The Study Group on Intergenerational Consequences of the Holocaust brings together children and children’s children of those who were persecuted by the Nazis, of Holocaust survivors, but also descendants of Nazi perpetrators and bystanders. By confronting our personal histories together and by raising public awareness, we seek to counteract individual and collective tendencies towards forgetting the persecution that prevailed under National Socialism. In work circles, we promote exchange among the descendants of survivors and perpetrators/bystanders – and we extend these efforts to include public events and dialogue in a broader societal context.
Acknowledging and relating one’s own family history is an essential means of addressing traumatic and guilt-ridden experiences associated with war and the Holocaust, even in the second and later generations. We offer our members a protected space in which they can (re-)discover a personal way to express their experience and gain better access to their individual and collective history.

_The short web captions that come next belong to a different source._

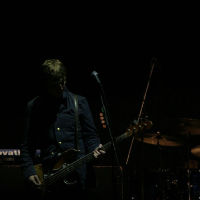 A musician stands in low light on a dark stage at Positivus, playing a bass guitar and singing into a microphone. To the right, a drummer is partially visible, focused on the AB 2008 drums. Behind them, a keyboard can be seen. The atmosphere is dim, with the performers highlighted by minimal lighting.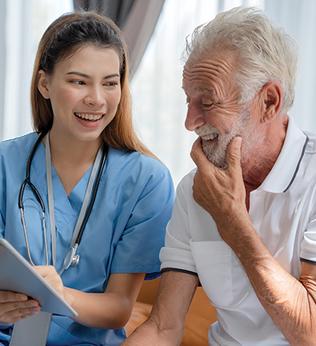 Photo of woman in scrubs discussing something with man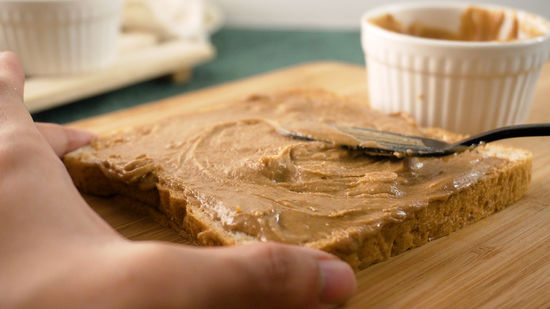 Cashew butter will be served with a sandwich, which is a great breakfast food that provides energy for those on an eat-clean diet.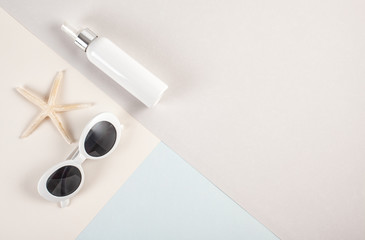 Top view to essential summer accessories sunglasses and sunscreen mockup and  seashells over the pastel background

To realize these aims, we take recourse to psychological-psychoanalytic approaches as well as the insights/methods of scholars and political scientists. In reviewing things past, our particular interest is directed towards coping better with the present and shaping models for the future. We are committed to taking a stand against violence, xenophobia, racism and antisemitism, and to promoting democracy and humanitarianism.
These six work circles meet regularly:
- dialogue group
- literary circle
- intervision group for psychotherapists
- our workshop (research/theory)
- film group
- storytelling lab
In addition, several times a year we arrange a “Saturday Talk” for our members with the speakers from our public events, and we also hold an annual event “About Us” as a platform for exchange among our members.